» **Records provided**:
====

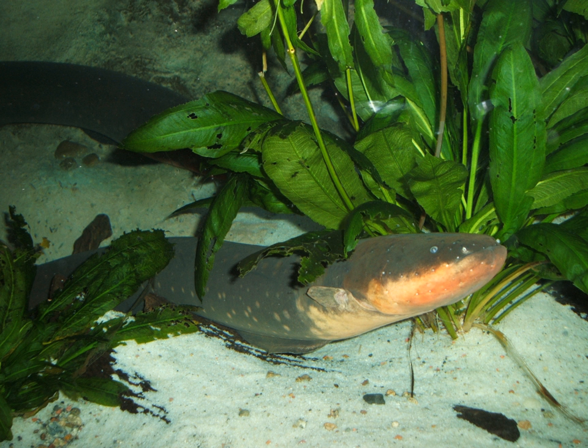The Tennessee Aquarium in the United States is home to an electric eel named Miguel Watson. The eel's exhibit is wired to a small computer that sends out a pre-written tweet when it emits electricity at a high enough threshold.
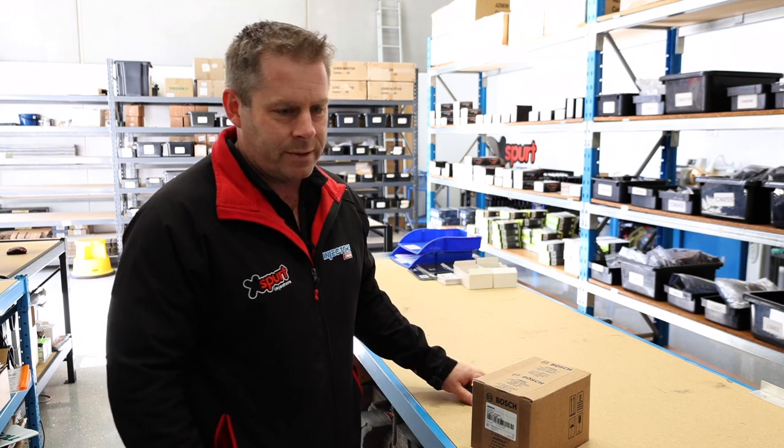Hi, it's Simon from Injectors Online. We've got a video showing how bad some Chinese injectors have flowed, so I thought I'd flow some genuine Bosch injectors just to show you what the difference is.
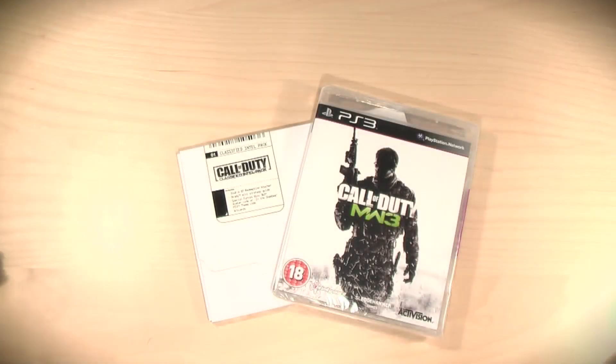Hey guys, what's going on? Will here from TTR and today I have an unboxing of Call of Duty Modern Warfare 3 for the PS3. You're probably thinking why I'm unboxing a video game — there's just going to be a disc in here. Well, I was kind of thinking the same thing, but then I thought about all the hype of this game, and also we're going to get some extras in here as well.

====

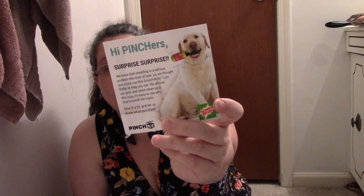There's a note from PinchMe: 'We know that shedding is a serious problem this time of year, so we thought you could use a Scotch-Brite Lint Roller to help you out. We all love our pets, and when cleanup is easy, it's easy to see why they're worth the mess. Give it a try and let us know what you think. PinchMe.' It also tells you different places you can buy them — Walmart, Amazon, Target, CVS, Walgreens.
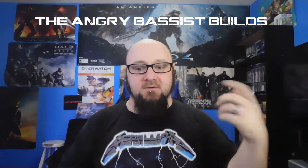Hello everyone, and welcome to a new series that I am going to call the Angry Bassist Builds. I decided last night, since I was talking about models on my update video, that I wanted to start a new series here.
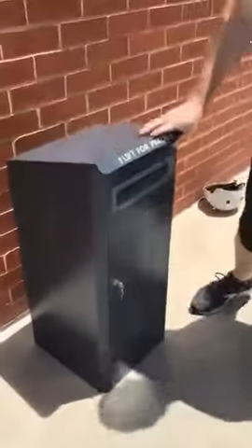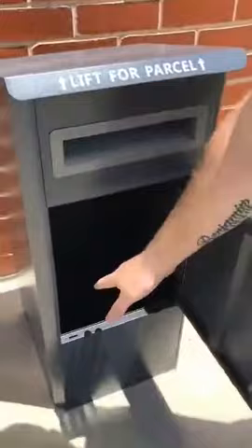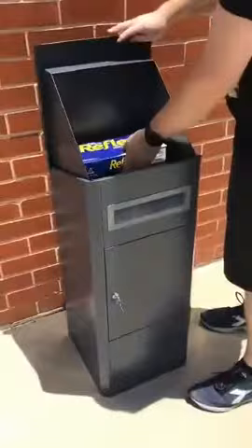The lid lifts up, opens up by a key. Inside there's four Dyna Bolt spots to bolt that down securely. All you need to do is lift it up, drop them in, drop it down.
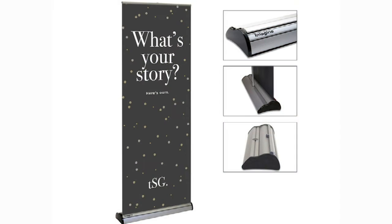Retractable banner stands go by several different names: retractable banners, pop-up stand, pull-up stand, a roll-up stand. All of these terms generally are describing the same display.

====

» **Instructions for the task**:
Nothing but the lines above, starting at the line that contains "The lid lifts" and ending at the line that contains "Retractable banner stands", should be given again, exactly and without the pictures.

» **Exercise answer**:
The lid lifts up, opens up by a key. Inside there's four Dyna Bolt spots to bolt that down securely. All you need to do is lift it up, drop them in, drop it down.
Retractable banner stands go by several different names: retractable banners, pop-up stand, pull-up stand, a roll-up stand. All of these terms generally are describing the same display.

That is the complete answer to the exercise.